Judicial intervention in the COVID-19 crisis
One of the most crucial interventions by the Karnataka High Court was during the first and then, the second wave of the COVID-19 pandemic. During this crisis, the question was of basic survival of the most vulnerable population.
In the first wave, the emphasis was on food security of the poor, children, transgender communities, sex workers and other marginalised sections of the society which were most adversely impacted by the lockdown. At the critical juncture when migrant workers were desperately trying to get back home and the Supreme Court refused to intervene, CJ Oka did. Notably, the Karnataka High Court very clearly held the position that it would not substitute its wisdom for the Government and take over the running of the Government but instead ensure that executive action and policy conform to the Constitution.
Meticulously applying the dialogic review method, the court’s approach had been to ask the State Government of Karnataka to respond to the grievances put forward by the petitioners regarding violations of fundamental rights.

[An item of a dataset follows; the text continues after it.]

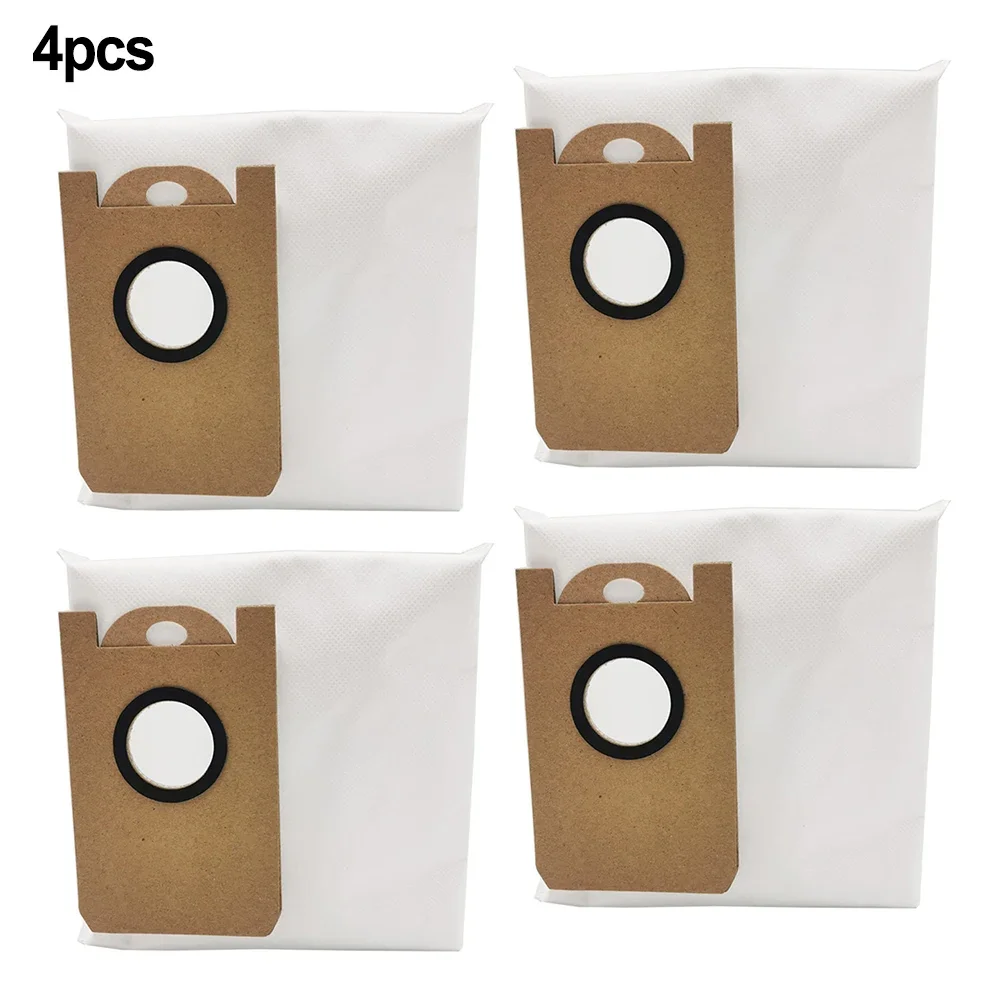 4/10 Pack Vacuum Cleaner Dust Bag Fits For Lubluelu SL60D SL61 SD80 Robot Vacuum Cleaner Replacements Parts
4/10 Pack Vacuum Cleaner Dust Bag Fits For Lubluelu SL60D SL61 SD80 Robot Vacuum Cleaner Replacements Parts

The court often puts forward suggestions to the Government to ensure constitutional compliance and elicits responses both in terms of executive action and policy. In case of a response deemed insufficient by the court, it has gone on to pass orders.
Through this method the court ensured that ration was distributed to all, by the production of any Government ID as opposed to only the ration card. The State was to additionally provide a “dry ration kit which shall consist of 5kg rice, 2kg dal, half litre oil, half kg sugar, half kg salt and appropriate quantity of spices as a minimum requirement”.

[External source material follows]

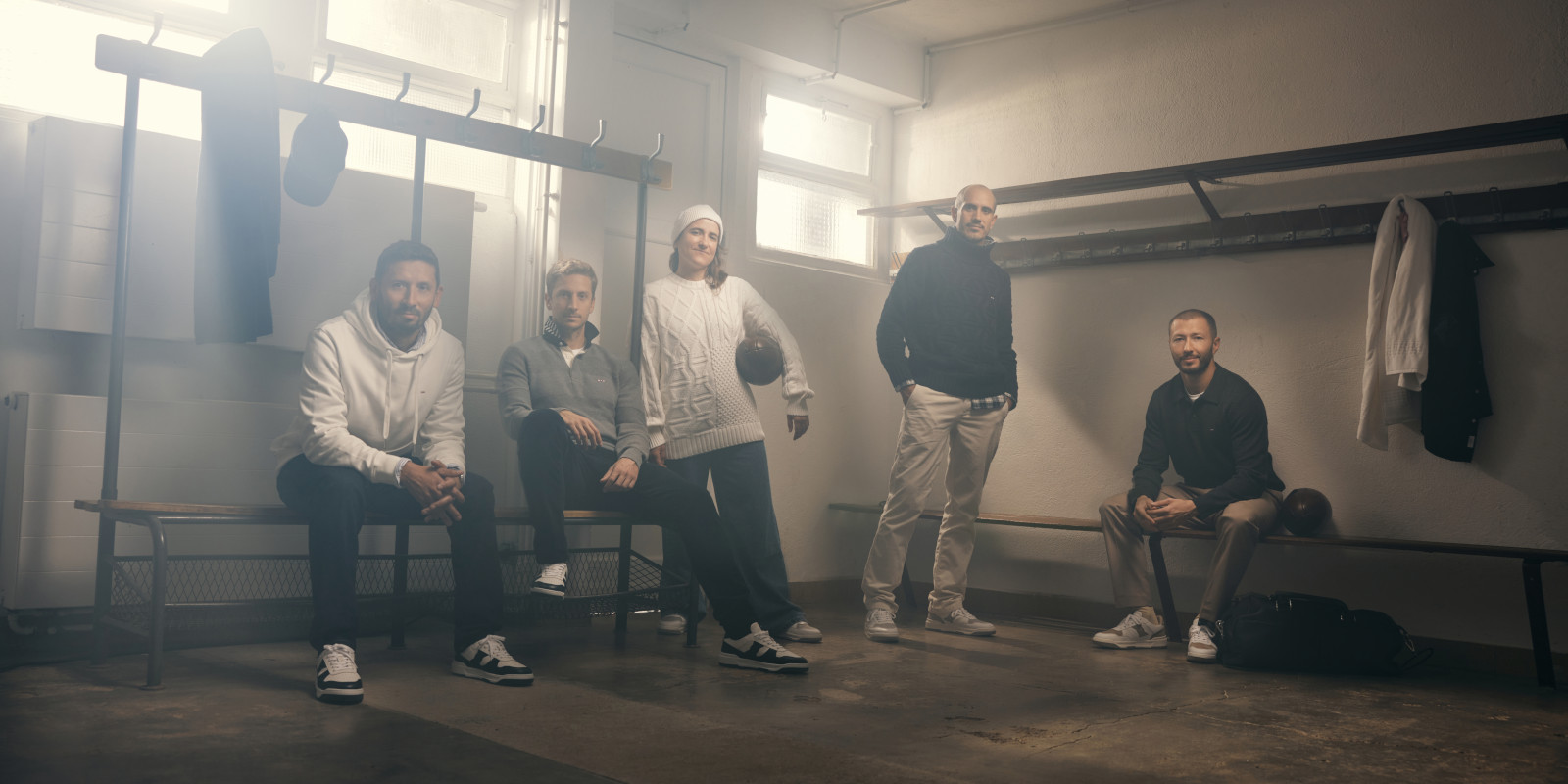 Eden Park & les Gaillards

The court ensured dignified travel of migrant workers through free trains for a period of time, ensured protection kits to frontline workers (Powrakarmikas), ensured payment of wages due to the workers, etc. Importantly, many of these plans that allowed for these reliefs were provided by the State Government to the court by way of affidavits, after a nudge from the court.

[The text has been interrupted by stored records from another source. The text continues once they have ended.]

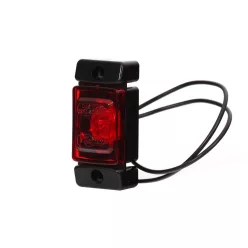 Indicator de poziție LED roșu (W60)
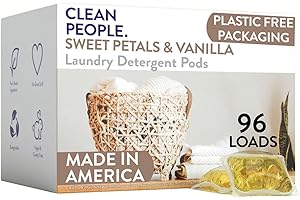 Modere Laundry Detergent Pods: Hypoallergenic Laundry Care Redefined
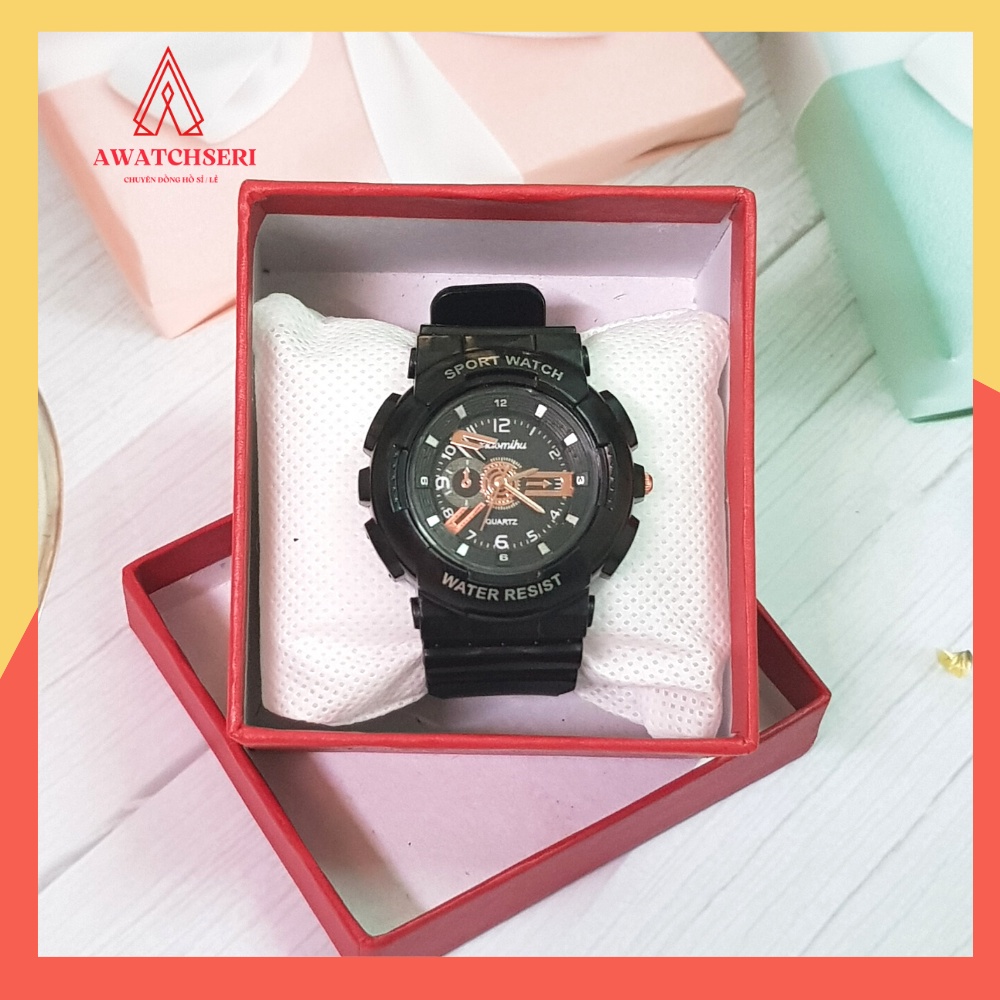 Đồng hồ nam nữ phong cách G shock SPORT thời trang cá tính DH20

During the second wave, a similar method was deployed to attempt the efficient allocation of hospital beds, adequate oxygen supply and life-saving drugs.
Pointing to Justice Oka’s sensitive approach with the COVID-19 crisis, Justice D.Y. Chandrachud of the Supreme Court remarked, “When the dust settles, what we will have in mind is CJ Oka holding out a flower to a staff member in the registry who resumed work after quarantine”.
This gesture was emblematic of the empathy and care characterized his orders, especially in the COVID-19 PIL.
Justice Oka’s legacy as Karnataka High Court Chief Justice
Justice Oka’s tenure as Chief Justice at the Karnataka High Court was an example of judicial activism within the four corners of law but imbued with a constitutional philosophy.
Justice Oka’s judgments, while within the four corners of the law, embodied a vision of the Constitution rooted in respect for the dignity of the suffering individual, be he/she a prisoner, manual scavenger, transgender, slum dweller, illegal migrant or a Kashmiri student. All those whose rights were dispensable in the dominant imagination of the nation, are not marginal within the four corners of the Constitution.
Justice Oka’s constitutional craft embodied an unfailing allegiance to the spirit of the Constitution based on an equal respect for all persons.
(Mohammed Afeef and Basawa Prasad Kunale are advocates practicing in the courts of Bangalore including the Karnataka High Court. The authors thank Arvind Narrain for his inputs. The views expressed are personal.)